SPIEGEL: But the Commission wants this in the long run?
Frattini: Europe’s goal must be complete protection at the outer borders and free movement within the Union. However, we also need to have the ability to catch criminals. Europe has enormous territory that offers borderless freedom of movement. We have to keep criminals from exploiting this freedom.
SPIEGEL: Within the European Commission, you are responsible not just for security but also for freedom. If the Commission really achieves this surveillance of ships, trains and airplanes, you will perhaps increase security -- but what will be left of freedom?
Frattini: The first freedom is to be alive.
SPIEGEL: And for that you need to store what seat I had on an airplane for the last 13 years?
Frattini: Yes, that may be necessary. Years ago, the Americans didn’t allow a passenger onboard an airplane because they found suspicious information in their databank. Five years later, a finger of this person was found in Afghanistan, where he had committed a suicide attack. Without the knowledge of certain data, he would have been allowed into the United States.
SPIEGEL: The various interests of the member states often impede better cooperation within the EU. You yourself once warned of the one-way street of national egotism. Is Europe really ready for a common interior and judicial policy?
Frattini: When I took office three and a half years ago, the situation was completely different. The countries were not in agreement about basic policies, such as migration policy. Today we have the shared border protection agency Frontex and a fund for the integration of third-country nationals with over 800 million ($1.25 billion) in support measures.
SPIEGEL: But in recent days we’ve seen that many problems remain.
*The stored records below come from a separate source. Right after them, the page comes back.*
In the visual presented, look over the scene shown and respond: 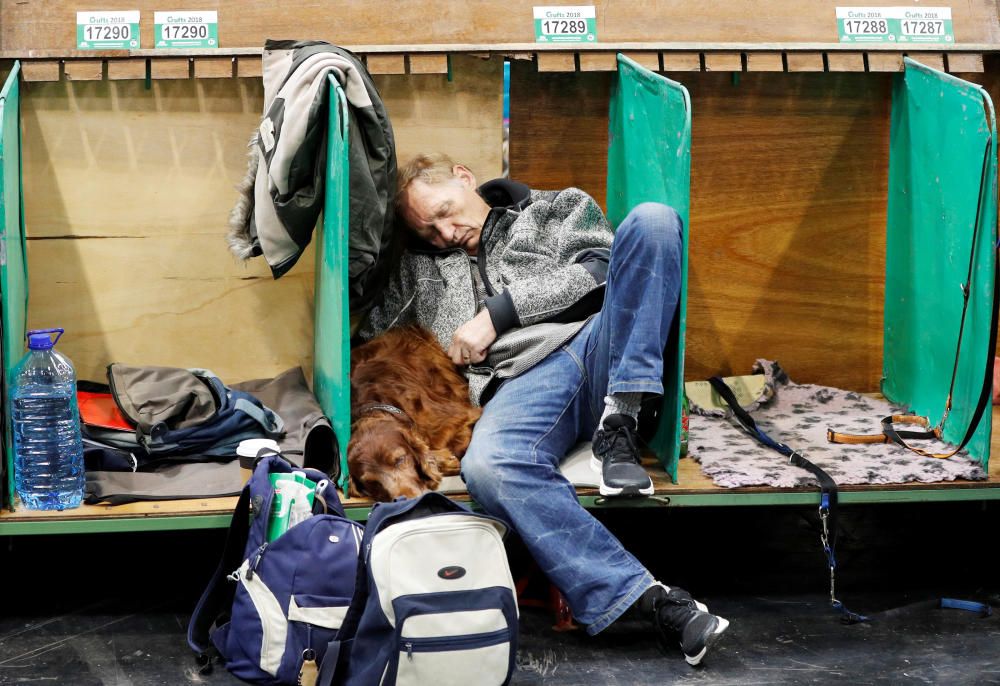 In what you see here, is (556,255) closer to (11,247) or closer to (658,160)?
(658,160)

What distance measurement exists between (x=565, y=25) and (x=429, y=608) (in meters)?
1.63

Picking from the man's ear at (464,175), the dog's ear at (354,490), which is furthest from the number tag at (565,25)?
the dog's ear at (354,490)

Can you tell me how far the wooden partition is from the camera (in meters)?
3.25

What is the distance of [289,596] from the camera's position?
2.37 meters

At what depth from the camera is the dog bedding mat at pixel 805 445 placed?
9.00 feet

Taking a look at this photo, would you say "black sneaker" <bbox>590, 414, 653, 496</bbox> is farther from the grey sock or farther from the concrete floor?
the concrete floor

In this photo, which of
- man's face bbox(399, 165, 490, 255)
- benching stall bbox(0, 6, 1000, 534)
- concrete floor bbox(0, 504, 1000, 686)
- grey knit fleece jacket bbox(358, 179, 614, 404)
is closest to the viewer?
concrete floor bbox(0, 504, 1000, 686)

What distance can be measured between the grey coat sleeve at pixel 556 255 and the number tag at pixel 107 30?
1.08m

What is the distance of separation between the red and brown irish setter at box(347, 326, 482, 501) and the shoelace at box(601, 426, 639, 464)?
34cm

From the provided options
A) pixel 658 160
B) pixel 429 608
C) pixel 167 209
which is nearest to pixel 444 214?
pixel 658 160

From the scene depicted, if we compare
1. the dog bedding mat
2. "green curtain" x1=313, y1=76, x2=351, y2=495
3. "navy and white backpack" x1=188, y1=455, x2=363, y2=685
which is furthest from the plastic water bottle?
the dog bedding mat

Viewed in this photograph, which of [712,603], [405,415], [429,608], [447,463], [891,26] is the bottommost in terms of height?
[712,603]

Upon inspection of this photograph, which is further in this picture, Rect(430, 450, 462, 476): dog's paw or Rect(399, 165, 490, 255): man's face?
Rect(399, 165, 490, 255): man's face

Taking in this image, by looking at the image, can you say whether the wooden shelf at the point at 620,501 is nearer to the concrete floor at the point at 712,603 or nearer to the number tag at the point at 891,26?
the concrete floor at the point at 712,603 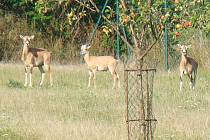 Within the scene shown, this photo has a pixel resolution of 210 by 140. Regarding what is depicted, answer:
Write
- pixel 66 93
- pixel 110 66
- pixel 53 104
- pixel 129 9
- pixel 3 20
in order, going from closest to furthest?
pixel 129 9 → pixel 53 104 → pixel 66 93 → pixel 110 66 → pixel 3 20

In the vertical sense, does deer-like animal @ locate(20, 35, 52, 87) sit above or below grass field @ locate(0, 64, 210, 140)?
above

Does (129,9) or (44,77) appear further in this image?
(44,77)

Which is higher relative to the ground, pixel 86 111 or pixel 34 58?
pixel 34 58

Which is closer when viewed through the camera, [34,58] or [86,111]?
[86,111]

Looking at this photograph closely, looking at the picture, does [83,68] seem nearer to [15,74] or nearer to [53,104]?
[15,74]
The Czech Republic has just come to a visa agreement with the United States against the wishes of the EU; Germany complains that other countries are not consistent in their handling of tax evaders -- not to mention EU partners Switzerland and Liechtenstein.
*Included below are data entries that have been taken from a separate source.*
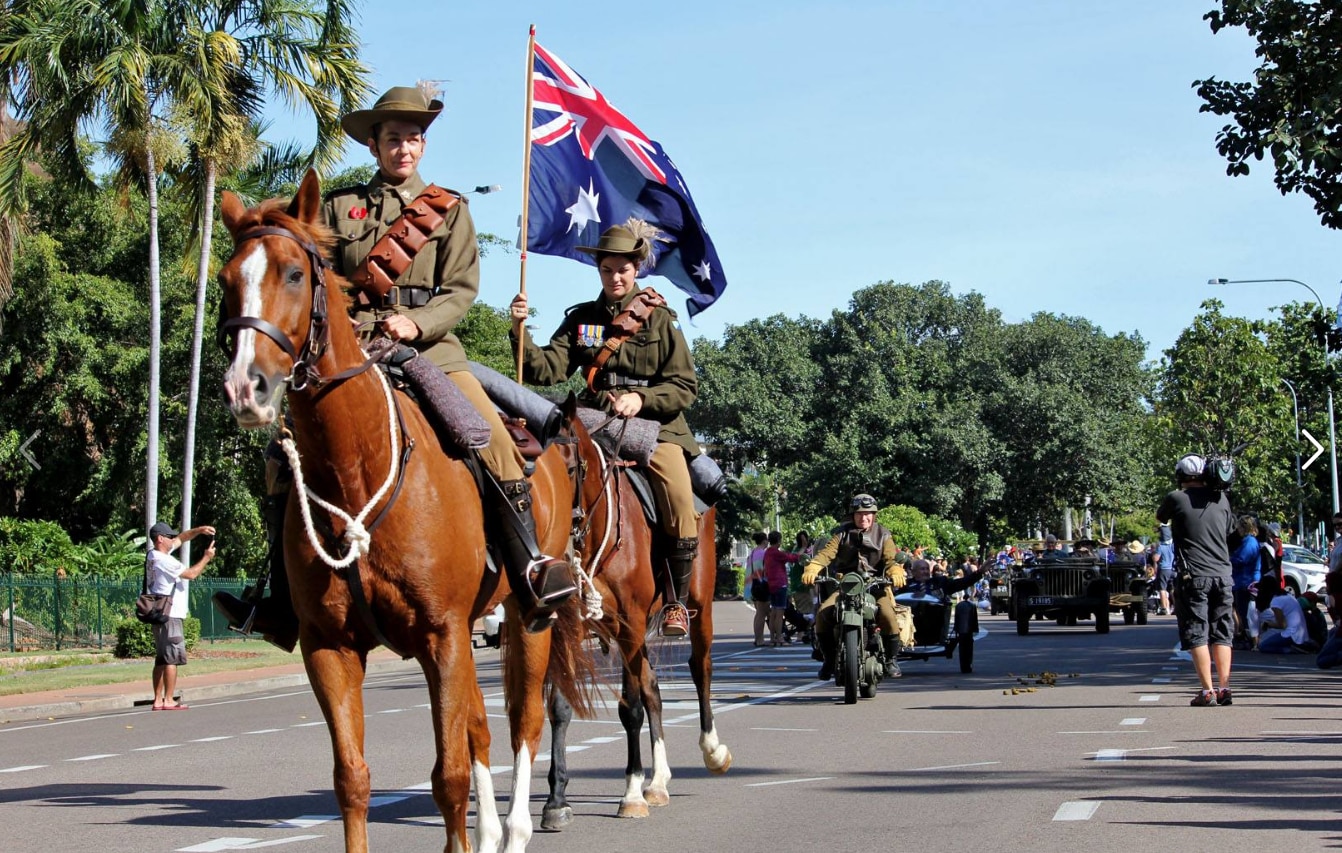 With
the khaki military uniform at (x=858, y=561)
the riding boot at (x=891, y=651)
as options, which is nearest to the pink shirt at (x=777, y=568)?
the riding boot at (x=891, y=651)

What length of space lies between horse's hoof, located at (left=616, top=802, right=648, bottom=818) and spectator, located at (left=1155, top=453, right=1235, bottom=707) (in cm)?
756

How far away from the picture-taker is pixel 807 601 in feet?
81.5

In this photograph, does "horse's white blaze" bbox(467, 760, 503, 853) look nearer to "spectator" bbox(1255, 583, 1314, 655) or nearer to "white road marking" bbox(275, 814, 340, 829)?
"white road marking" bbox(275, 814, 340, 829)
Frattini: Although taxes don’t fall under my responsibilities, I have to say: It makes sense that Switzerland and Liechtenstein do move closer to us. Don’t forget, it is especially the German and Austrian delegations that have pushed for Switzerland and Liechtenstein to join the Schengen area soon. And the government of Liechtenstein has promised to cooperate more closely in tax matters.
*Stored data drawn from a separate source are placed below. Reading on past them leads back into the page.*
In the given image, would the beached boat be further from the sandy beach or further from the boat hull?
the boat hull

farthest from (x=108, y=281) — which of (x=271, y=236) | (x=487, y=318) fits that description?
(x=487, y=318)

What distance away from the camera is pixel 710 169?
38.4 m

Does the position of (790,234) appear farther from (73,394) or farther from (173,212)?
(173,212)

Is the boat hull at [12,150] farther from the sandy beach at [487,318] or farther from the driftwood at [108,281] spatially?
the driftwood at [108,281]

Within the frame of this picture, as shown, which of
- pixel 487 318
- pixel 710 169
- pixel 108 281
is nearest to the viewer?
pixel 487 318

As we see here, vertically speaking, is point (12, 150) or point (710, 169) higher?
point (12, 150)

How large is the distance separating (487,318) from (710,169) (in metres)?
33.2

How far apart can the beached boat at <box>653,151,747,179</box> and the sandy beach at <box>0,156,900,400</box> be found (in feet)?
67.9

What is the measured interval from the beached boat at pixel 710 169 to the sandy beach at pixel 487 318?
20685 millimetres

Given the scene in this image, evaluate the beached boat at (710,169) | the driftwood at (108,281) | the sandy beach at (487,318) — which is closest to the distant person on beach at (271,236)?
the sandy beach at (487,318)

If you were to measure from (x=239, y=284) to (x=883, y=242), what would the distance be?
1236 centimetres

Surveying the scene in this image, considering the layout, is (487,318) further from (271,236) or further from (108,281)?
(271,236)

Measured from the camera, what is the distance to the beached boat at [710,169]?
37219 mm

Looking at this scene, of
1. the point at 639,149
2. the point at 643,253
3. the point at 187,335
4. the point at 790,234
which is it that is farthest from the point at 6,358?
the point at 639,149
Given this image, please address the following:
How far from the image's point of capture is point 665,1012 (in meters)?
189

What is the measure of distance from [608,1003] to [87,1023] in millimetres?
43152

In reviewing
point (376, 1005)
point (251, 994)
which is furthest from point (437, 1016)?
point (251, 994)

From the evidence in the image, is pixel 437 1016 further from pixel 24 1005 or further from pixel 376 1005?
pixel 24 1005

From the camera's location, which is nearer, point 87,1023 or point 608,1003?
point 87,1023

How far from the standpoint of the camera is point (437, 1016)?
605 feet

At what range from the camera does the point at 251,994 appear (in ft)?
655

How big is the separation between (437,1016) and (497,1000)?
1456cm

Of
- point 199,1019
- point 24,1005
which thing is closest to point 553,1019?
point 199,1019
SPIEGEL: The EU has 27 members and will certainly continue to grow. Can a unified "area of freedom, security and justice" as the EU promises, really emerge from so many different countries?
Frattini: Of course that won't happen overnight. But we have already achieved a great deal: freedom of movement within the Schengen area, extensive cooperation in police matters and great progress in civil rights. At the same time, we need to look into the future and consider how Europe should look in 15 or 20 years.
SPIEGEL: Will we all just be EU-citizens and no longer Italians or Germans?
Frattini: No, I’m a great advocate of local and national traditions. I consider myself first a Florentine, then a Tuscan, then an Italian, then a European. It is an additional benefit to be a citizen of the European Union. But we are not going to experience a fusing of the German and Italian people.